**PROVIDED DATA**
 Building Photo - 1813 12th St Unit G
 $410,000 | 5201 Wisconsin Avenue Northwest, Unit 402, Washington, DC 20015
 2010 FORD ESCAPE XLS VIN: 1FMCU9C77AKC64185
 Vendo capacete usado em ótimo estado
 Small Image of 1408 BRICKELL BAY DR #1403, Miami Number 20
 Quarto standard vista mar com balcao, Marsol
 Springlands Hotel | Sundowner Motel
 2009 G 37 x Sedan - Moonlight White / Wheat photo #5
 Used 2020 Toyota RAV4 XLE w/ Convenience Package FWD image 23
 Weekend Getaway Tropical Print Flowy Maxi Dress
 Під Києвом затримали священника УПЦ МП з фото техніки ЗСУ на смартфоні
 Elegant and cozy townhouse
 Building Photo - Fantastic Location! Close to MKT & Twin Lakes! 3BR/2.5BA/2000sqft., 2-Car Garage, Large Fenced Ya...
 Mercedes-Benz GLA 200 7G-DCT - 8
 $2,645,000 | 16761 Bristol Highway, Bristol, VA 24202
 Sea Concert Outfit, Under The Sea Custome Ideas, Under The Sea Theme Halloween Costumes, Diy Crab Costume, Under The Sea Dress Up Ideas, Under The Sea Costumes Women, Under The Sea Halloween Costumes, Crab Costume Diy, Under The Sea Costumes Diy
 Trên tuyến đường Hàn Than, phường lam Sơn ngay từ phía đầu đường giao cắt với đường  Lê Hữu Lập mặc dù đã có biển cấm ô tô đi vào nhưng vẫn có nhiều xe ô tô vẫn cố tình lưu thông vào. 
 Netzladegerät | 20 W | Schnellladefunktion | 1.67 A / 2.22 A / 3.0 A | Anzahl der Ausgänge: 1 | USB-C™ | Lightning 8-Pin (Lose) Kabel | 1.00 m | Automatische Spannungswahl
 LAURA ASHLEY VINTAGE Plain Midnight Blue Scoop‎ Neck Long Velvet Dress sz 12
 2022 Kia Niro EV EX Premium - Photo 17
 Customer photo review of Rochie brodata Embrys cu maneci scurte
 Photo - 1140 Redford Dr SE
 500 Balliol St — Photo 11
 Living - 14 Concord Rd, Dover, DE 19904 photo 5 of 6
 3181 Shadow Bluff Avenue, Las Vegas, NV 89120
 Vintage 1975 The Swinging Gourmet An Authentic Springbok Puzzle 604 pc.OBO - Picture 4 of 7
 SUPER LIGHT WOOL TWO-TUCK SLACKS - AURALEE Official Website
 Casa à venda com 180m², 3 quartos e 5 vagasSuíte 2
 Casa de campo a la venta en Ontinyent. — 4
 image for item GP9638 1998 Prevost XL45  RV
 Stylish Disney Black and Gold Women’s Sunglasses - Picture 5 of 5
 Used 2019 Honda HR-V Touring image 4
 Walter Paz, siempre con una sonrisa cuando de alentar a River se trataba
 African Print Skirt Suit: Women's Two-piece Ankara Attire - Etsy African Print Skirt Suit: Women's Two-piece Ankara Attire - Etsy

**WHAT IS EXPECTED**
Please provide an exact transcription of each line from the one holding "Trên tuyến đường" through the final line of the data above.

**OUTPUT FOR THIS TASK**
 Trên tuyến đường Hàn Than, phường lam Sơn ngay từ phía đầu đường giao cắt với đường  Lê Hữu Lập mặc dù đã có biển cấm ô tô đi vào nhưng vẫn có nhiều xe ô tô vẫn cố tình lưu thông vào. 
 Netzladegerät | 20 W | Schnellladefunktion | 1.67 A / 2.22 A / 3.0 A | Anzahl der Ausgänge: 1 | USB-C™ | Lightning 8-Pin (Lose) Kabel | 1.00 m | Automatische Spannungswahl
 LAURA ASHLEY VINTAGE Plain Midnight Blue Scoop‎ Neck Long Velvet Dress sz 12
 2022 Kia Niro EV EX Premium - Photo 17
 Customer photo review of Rochie brodata Embrys cu maneci scurte
 Photo - 1140 Redford Dr SE
 500 Balliol St — Photo 11
 Living - 14 Concord Rd, Dover, DE 19904 photo 5 of 6
 3181 Shadow Bluff Avenue, Las Vegas, NV 89120
 Vintage 1975 The Swinging Gourmet An Authentic Springbok Puzzle 604 pc.OBO - Picture 4 of 7
 SUPER LIGHT WOOL TWO-TUCK SLACKS - AURALEE Official Website
 Casa à venda com 180m², 3 quartos e 5 vagasSuíte 2
 Casa de campo a la venta en Ontinyent. — 4
 image for item GP9638 1998 Prevost XL45  RV
 Stylish Disney Black and Gold Women’s Sunglasses - Picture 5 of 5
 Used 2019 Honda HR-V Touring image 4
 Walter Paz, siempre con una sonrisa cuando de alentar a River se trataba
 African Print Skirt Suit: Women's Two-piece Ankara Attire - Etsy African Print Skirt Suit: Women's Two-piece Ankara Attire - Etsy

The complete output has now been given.